– Такой умный и такой наивный, – сказал насмешливо Гойда. – Они ничего не будут говорить – ни сейчас, ни потом. Заместитель генерального мне уже объявил, чтобы я писал заключение по факту самоубийства, провел сравнительную экспертизу. Он сказал – самоубийство, а я должен это написать, подтвердившись заключениями медиков и баллистиков. Он сейчас уедет, а я останусь, и ваши генералы разъедутся, а вы останетесь. И в любом случае за все будут отвечать следователь и розыскник. Я за всю жизнь не слышал, чтобы за провал дела ответил руководитель, какое бы указание он ни давал.
– Так нас отсюда официально не уберут? – спросил Гуров.

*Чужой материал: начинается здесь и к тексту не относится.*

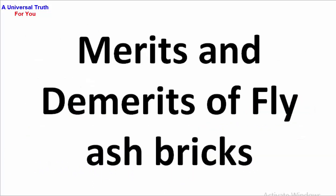So dear friends, this is all about merits and demerits of fly ash bricks. Write your opinion in the comment section. You can also check the playlist related to construction materials and building materials on my channel. If you enjoyed this video, please like, share, comment, and subscribe for the latest upcoming construction and building materials related videos. Let's meet in another video. Thank you very much.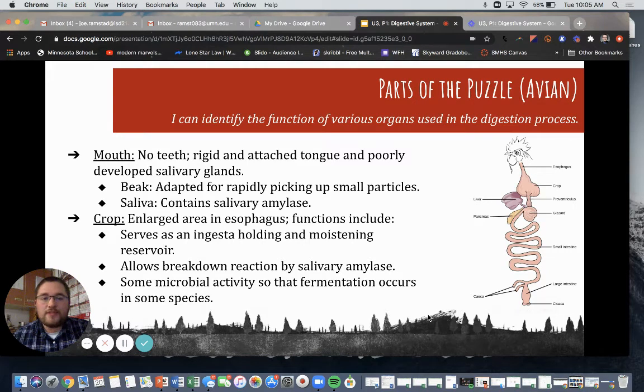Hey everyone, welcome to the next video segment focusing on the digestive system of avians. Avian means bird. I'm going to walk you through the different parts of the avian digestive system, and then in the next video we're going to compare this to the ruminant digestive system because they're both very different.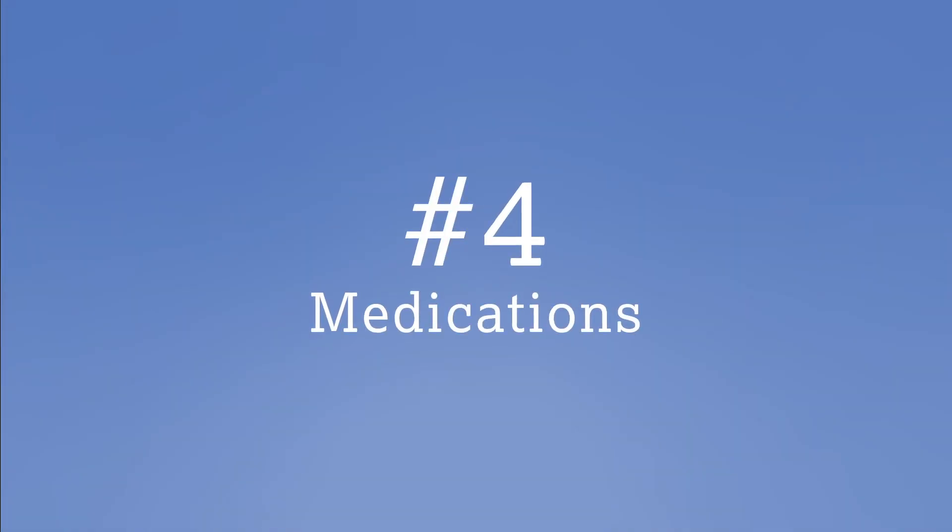Number four: medications. Although we count on medicine to make us healthy, some medicines are known to cause white spots on teeth. Certain antibiotics are not approved for use in children due to the side effects they have on their teeth. Make sure to tell your doctor if you are pregnant or nursing, especially if they are prescribing medication. If you do end up with white spots after medical treatment, see your dentist for help treating them.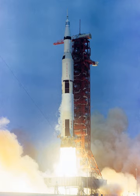The Saturn V was an American human-rated expendable rocket used by NASA between 1967 and 1973. The three-stage liquid-propellant super-heavy lift launch vehicle was developed to support the Apollo program for human exploration of the Moon, and was later used to launch Skylab, the first American space station. The Saturn V was launched 13 times from the Kennedy Space Center in Florida with no loss of crew or payload.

– Вот когда мы все отпишем, когда они все бумаги обслюнявят и решатся наложить резолюции, тогда уберут.
– Я докажу, что это убийство. – Гуров закурил и чертыхнулся: – Никакой силы воли, стоит только предлог найти, как начинаю курить.
– Как это вы докажете, очень мне интересно?

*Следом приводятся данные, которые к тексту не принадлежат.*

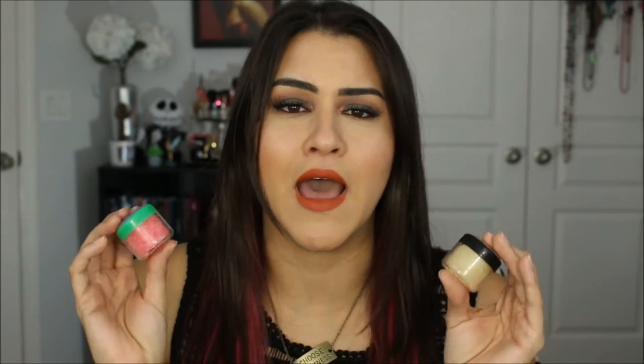She also has these lip scrubs which are super affordable — all of her stuff is super affordable. This one is called Sour Watermelon and oh my god, I've basically been eating it. Every time I scrub my lips with this I literally eat some of it because it's so good — it's like eating a sour watermelon candy. I don't know how she does it, but the flavors she's putting in are amazing.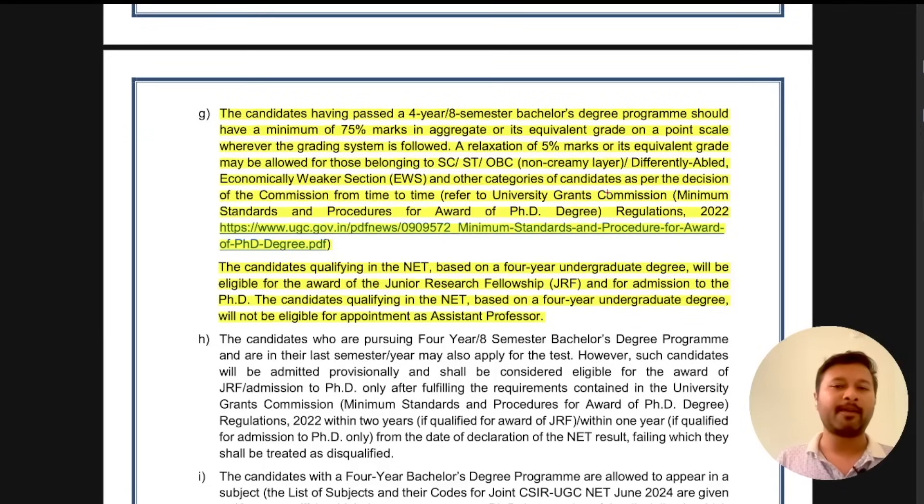The third change introduces a new kind of eligibility. Now even those who are in a bachelor's degree program can apply. Candidates who have passed a four-year or eight-semester bachelor's degree program with a minimum of 75 percent marks in aggregate can also apply for this exam. This is very important — earlier, to apply for JRF you needed a master's degree, but now if you have 75 percent marks and a four-year bachelor's degree, which is applicable for B.Tech students, you become eligible to apply.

– Игорь Федорович, кончай дурака валять, знай меру.
– Ну хорошо, хорошо, не буду. – Гойда согласно кивнул. – Я прикажу провести экспертизу, и на правой руке Егорова следов пороховых газов не обнаружат. Но этого маловато будет.

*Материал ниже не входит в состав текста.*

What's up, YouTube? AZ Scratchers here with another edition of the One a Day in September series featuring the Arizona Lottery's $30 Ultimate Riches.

– Человек не стрелял, однако застрелился? – хмыкнул Гуров. – Мысль любопытная...
– Замордуют меня. Лев Иванович, – жалостливо произнес следователь. – Начнутся рассуждения, что один эксперт утверждает – ствол был прижат к челюсти, другой находит отпечатки пальцев покойного на оружии, и из этого же оружия была застрелена горничная. А Егоров – начальник охраны и, кроме него, некому. Могут предположить, что самоубийца руку обернул носовым платком, который потом либо ветром сдуло, либо кто из обслуги подобрал... В общем, замордуют...
– Кстати, кто тело обнаружил?
– Садовник.
– А где?
– На скамейке боковой аллеи.
– Записки нет?
– Нет.
– Странно. Могли бы сварганить. И чего ты ко мне пристал, чего добиваешься? – переходя на “ты”, спросил Гуров.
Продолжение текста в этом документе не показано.